WORK TASK:
Once you have reviewed the listing below, restate it word for word.

RECORDED INFORMATION:
■ ■ ■

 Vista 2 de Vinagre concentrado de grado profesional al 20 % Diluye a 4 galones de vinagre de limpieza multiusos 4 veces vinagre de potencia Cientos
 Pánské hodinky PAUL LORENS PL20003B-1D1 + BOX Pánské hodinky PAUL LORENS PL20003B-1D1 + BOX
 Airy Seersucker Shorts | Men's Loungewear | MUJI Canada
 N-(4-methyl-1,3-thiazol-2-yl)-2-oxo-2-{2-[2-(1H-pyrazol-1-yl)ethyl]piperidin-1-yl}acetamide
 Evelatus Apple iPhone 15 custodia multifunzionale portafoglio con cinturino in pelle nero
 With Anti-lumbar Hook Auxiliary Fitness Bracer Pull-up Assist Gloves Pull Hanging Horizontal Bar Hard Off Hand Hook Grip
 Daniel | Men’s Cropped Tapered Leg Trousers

■ ■ ■

RESULT OF THE EXERCISE:
 Vista 2 de Vinagre concentrado de grado profesional al 20 % Diluye a 4 galones de vinagre de limpieza multiusos 4 veces vinagre de potencia Cientos
 Pánské hodinky PAUL LORENS PL20003B-1D1 + BOX Pánské hodinky PAUL LORENS PL20003B-1D1 + BOX
 Airy Seersucker Shorts | Men's Loungewear | MUJI Canada
 N-(4-methyl-1,3-thiazol-2-yl)-2-oxo-2-{2-[2-(1H-pyrazol-1-yl)ethyl]piperidin-1-yl}acetamide
 Evelatus Apple iPhone 15 custodia multifunzionale portafoglio con cinturino in pelle nero
 With Anti-lumbar Hook Auxiliary Fitness Bracer Pull-up Assist Gloves Pull Hanging Horizontal Bar Hard Off Hand Hook Grip
 Daniel | Men’s Cropped Tapered Leg Trousers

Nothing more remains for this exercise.